My husband...who loved and loved...despite my antics.
It was the result of being downtrodden for so long, of drowning in a sea of helplessness to the point that even the most flimsy of rotting flotsam provided a much needed and welcomed relief. And I had to pay for it. Boy, did I pay for it.
The smile which hid everything...and then some.
This morning, my hubby said that he is again seeing the woman whom he fell in love with and married four years ago. He thought he had lost me forever. Well, I thought I had lost me forever.
The anchors which grounded me...throughout my trials and tribulations.
The pressure was insane...I never thought that I would survive it. But I did, because of family, my hubby, a very good friend, an understanding boss who allowed me to confide in her and never broke that confidence and the kindness of strangers, both here and in a country far, far away.

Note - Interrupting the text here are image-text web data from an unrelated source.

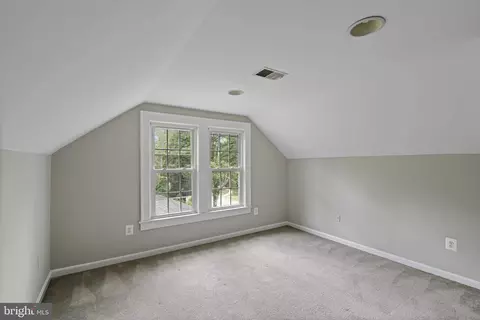 19316 Weaver Rd, Triangle, VA 22172 photo 15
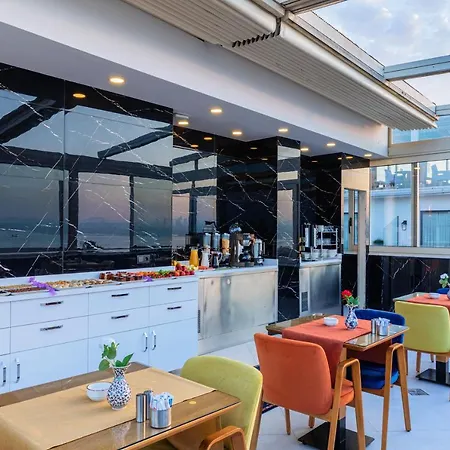 Hotel Eastanbul 2*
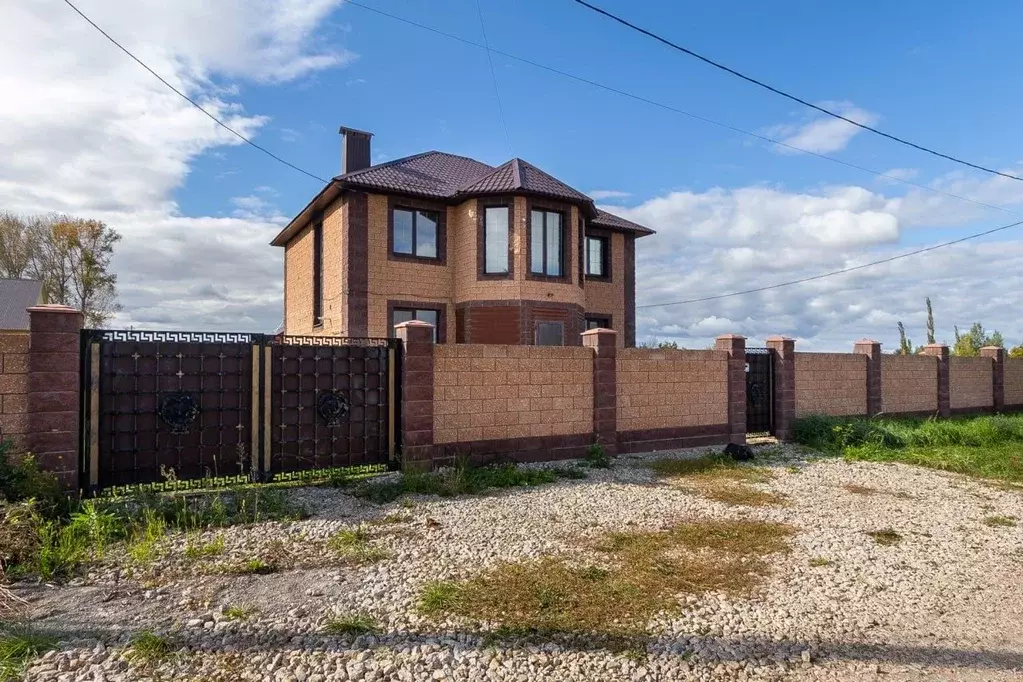 Дом в Башкортостан, Уфимский район, Дмитриевский сельсовет, д. ... - Фото 0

I love you both so very much.
I guess my life can be divided into the period before 9th March, 2010 and to the period after 9th March, 2010. Before 9th March, 2010, I had nearly lost all trust in the human race. I nearly lost my trust in God. Oh, don't get me wrong, I believe in God, I just didn't trust Him not to hurt me. because I have been hurt, swindled, cheated, lied to...by people whom I trusted, some of whom were friends, good friends. And I kept asking God, why do you allow this to happen? Why did I have to meet these "skinwalkers", monsters moving around in human skin. He did not answer, or maybe He did, I just could not, would not listen.
Love without conditions...my Ayah and Ibu.

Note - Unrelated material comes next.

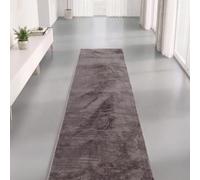 Interiyou Tapis Salon Fargo à Poils Ras - 70x200 Gris - Fausse Fourrure Douce - Lavable et antidérapant - Texture Moelleuse - pour Chambre, Bureau, Couloir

My life was literally saved by the kindness and compassion of "a league of extraordinary gentlemen", a few of whom have never, and probably will never meet me. It is through their kindness, their compassion, that I am able to keep my sanity, to again be me...

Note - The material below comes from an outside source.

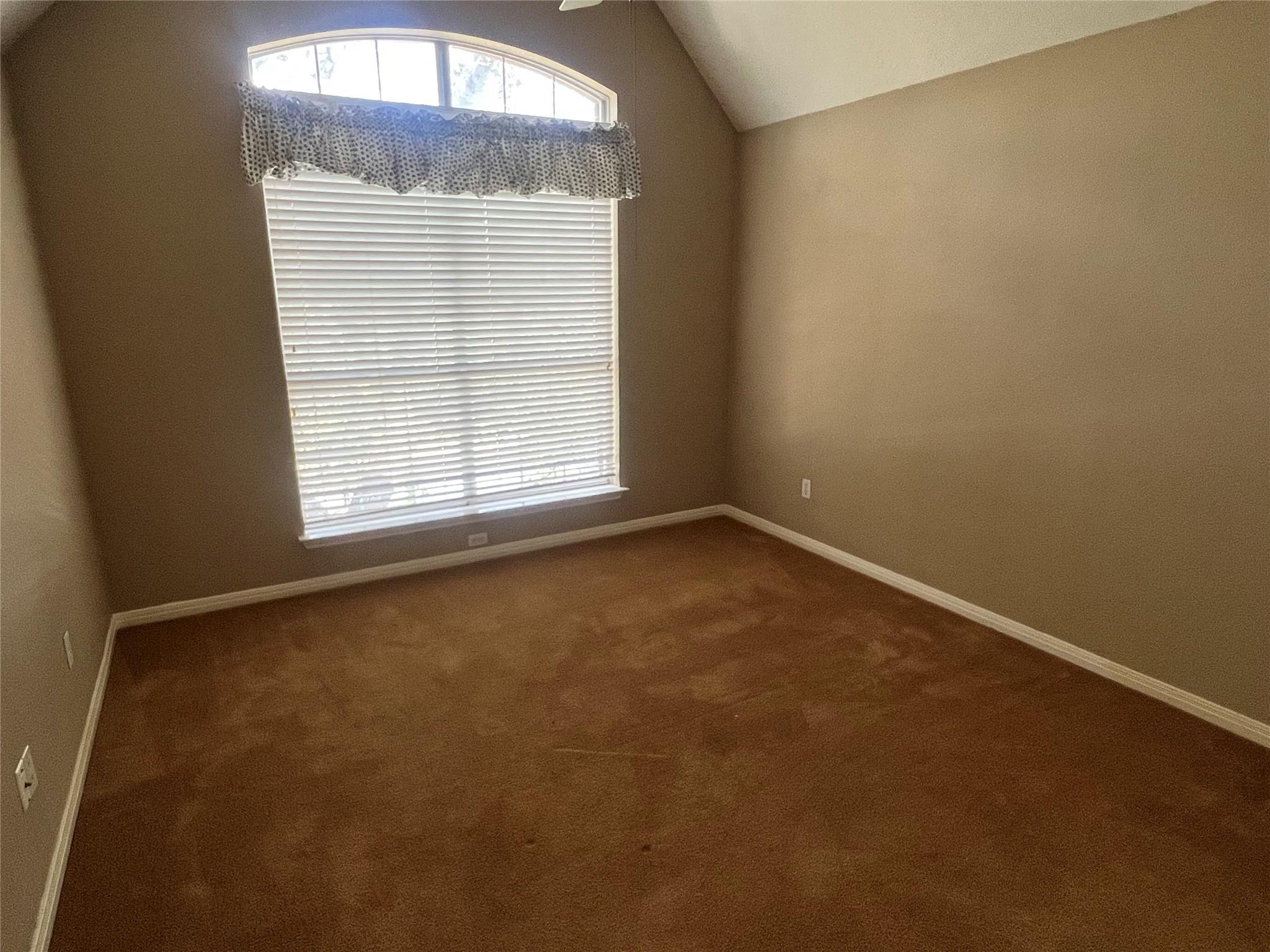 11216 Crossland Dr, Austin, TX 78726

And throughout it all, my family never lost faith in me, my hubby kept on loving me (even though day after day he saw the woman he loved slipping further away from him), my friend slogged away to save me even when all hope seemed lost. I was also lucky enough to be able to confide in my boss, knowing that I will not be betrayed.
My brother...such a beautiful soul.
And now, after 9th March, 2010, and after the black cloud had lifted, I realise that I have been loved, so very loved. That I have been lucky. That even if things had turned out differently, there are people who would be willing to lend a hand to this "lost soul". For I was lost in a forest of grief, sadness, guilt, self-blame, anger...most of the time and always...anger. Anger was a constant companion. I kept it hidden most of the time, sometimes I was successful, sometimes I was not.
It has been a humbling experience, an eye-opener. That for all my bravado and self-confidence, life can still deal a "whopper" that would leave me "bleeding and broken". Thank you Allah for this experience...I know now that compassion, kindness, faith and friendship is not determined by creed, colour, religion or nationality. I know now that blood ties lasts forever, that the love of a good man keeps you warm and protects even when the world is cold, gray and wicked, that sometimes Allah has to drag you through the depths of despair, that sometimes you have to go through pain and tears in order to become a better person.
Amal...a candle in the wind.
So to Ayah, Ibu, Acik Ujang, Adi, Sue, Amira, Maureen and Amal, thank you for standing by me through it all. To my hubby, thank you for loving me, even when I was just a mere shadow of the woman you married. To Mr Liow and the gentlemen from Mandom of Japan...thank you so very much from the bottom of my heart for this "second chance" at life.
The reason I live...
Allah, I know now that You have always been there, guiding me, loving me, always loving me, even when I doubted You, even when I raved and ranted like a mad woman, even when I was at my worst. I love You.
And to those who have wronged me, whether intentionally or not, I forgive you all. Find your peace with God.